The current pandemic preparedness strategy involves responding to a pandemic after it has emerged. Yet, the research reviewed in this report identifies substantial knowledge that provides a pathway to predicting and preventing pandemics. This includes work that predicts geographic origins of future pandemics, identifies key reservoir hosts and the pathogens most likely to emerge, and demonstrates how environmental and socioeconomic changes correlate with disease emergence. Pilot projects, often at large scale, have demonstrated that this knowledge can be used to effectively target viral discovery, surveillance and outbreak investigation. The major impact on public health of COVID-19, of HIV/AIDS, Ebola, Zika, influenza, SARS and of many other emerging diseases underlines the critical need for policies that will promote pandemic prevention, based on this growing knowledge.


To achieve this, the following policy options have been identified:

  • Launching a high-level intergovernmental council on pandemic prevention, that would provide for cooperation among governments and work at the crossroads of the three Rio conventions
  • Policies to reduce the role of land-use change in pandemic emergence.
  • Policies to reduce pandemic emergence related to the wildlife trade:
  • Closing critical knowledge gaps

Conclusion

This report is published at a critical juncture in the course of the COVID-19 pandemic, at which its long-term societal and economic impacts are being recognized. People in all sectors of society are beginning to look for solutions that move beyond business-as-usual To do this will require transformative change, using the evidence from science to re-assess the relationship

between people and nature, and to reduce global environmental changes that are caused by unsustainable consumption, and which drive biodiversity loss, climate change and pandemic emergence. The policy options laid out in this report represent such a change. They lay out a movement towards preventing pandemics that is transformative: our current approach is to try to detect new diseases early, contain them, and then develop vaccines and therapeutics to control them. Clearly, in the face of COVID-19, with more than one million human deaths, and huge economic impacts, this reactive approach is inadequate.

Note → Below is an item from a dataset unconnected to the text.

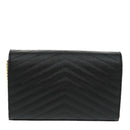 SAINT LAURENT V Stitch Chain Long Wallet Leather Black Gold Auth bs19416A-2
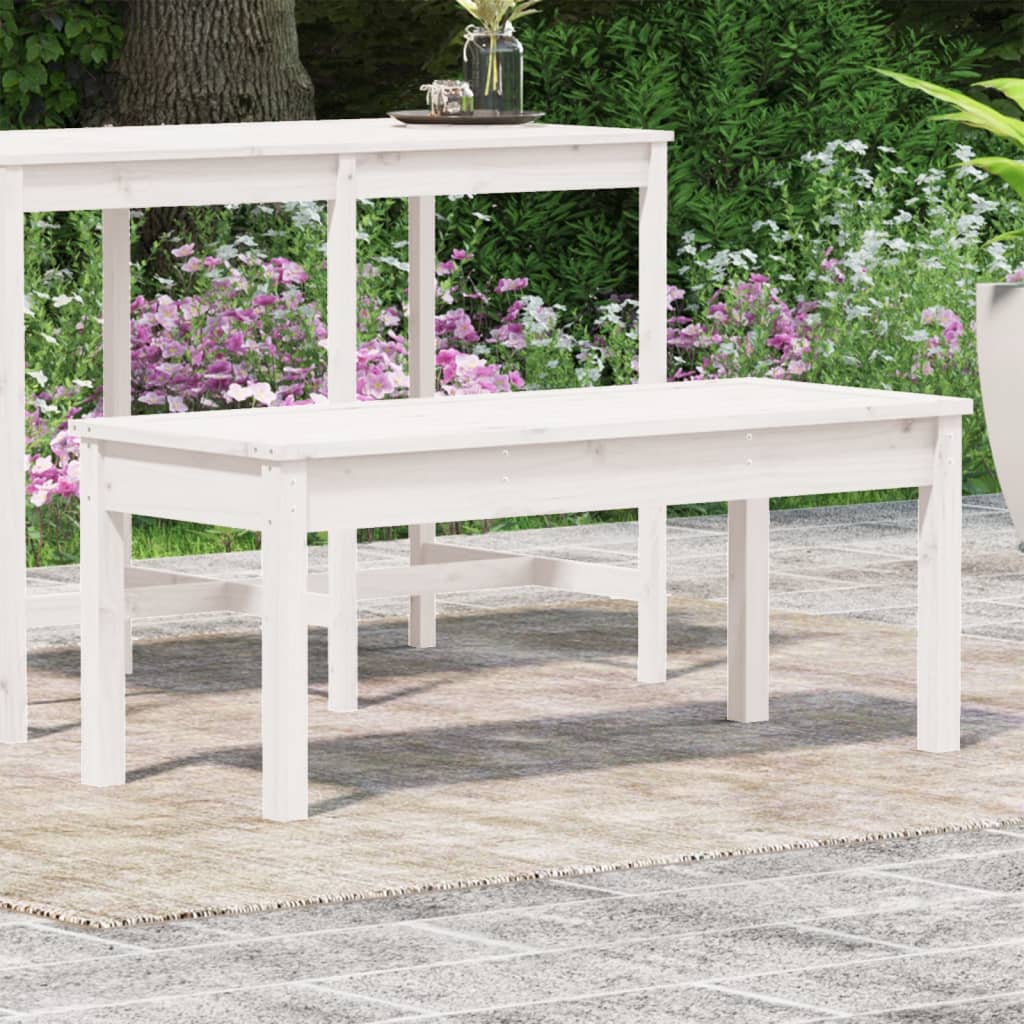 Solid Pine Garden Bench - White, 109x44x45 cm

This report embraces the need for transformative change and uses scientific evidence to identify policy options to prevent pandemics. Many of these may seem costly, difficult to execute, and their impact uncertain. However, economic analysis suggests their costs will be trivial in comparison to the trillions of dollars of impact due to COVID-19, let alone the rising tide of future diseases. The scientific evidence reviewed here, and the societal and economic impacts of COVID-19 provide a powerful incentive to adopt these policy options and create the transformative change needed to prevent future pandemics. This will provide benefits to health, biodiversity conservation, our economies, and sustainable development. Above all, it will provide a vision of our future in which we have escaped the current ‘Pandemic Era’.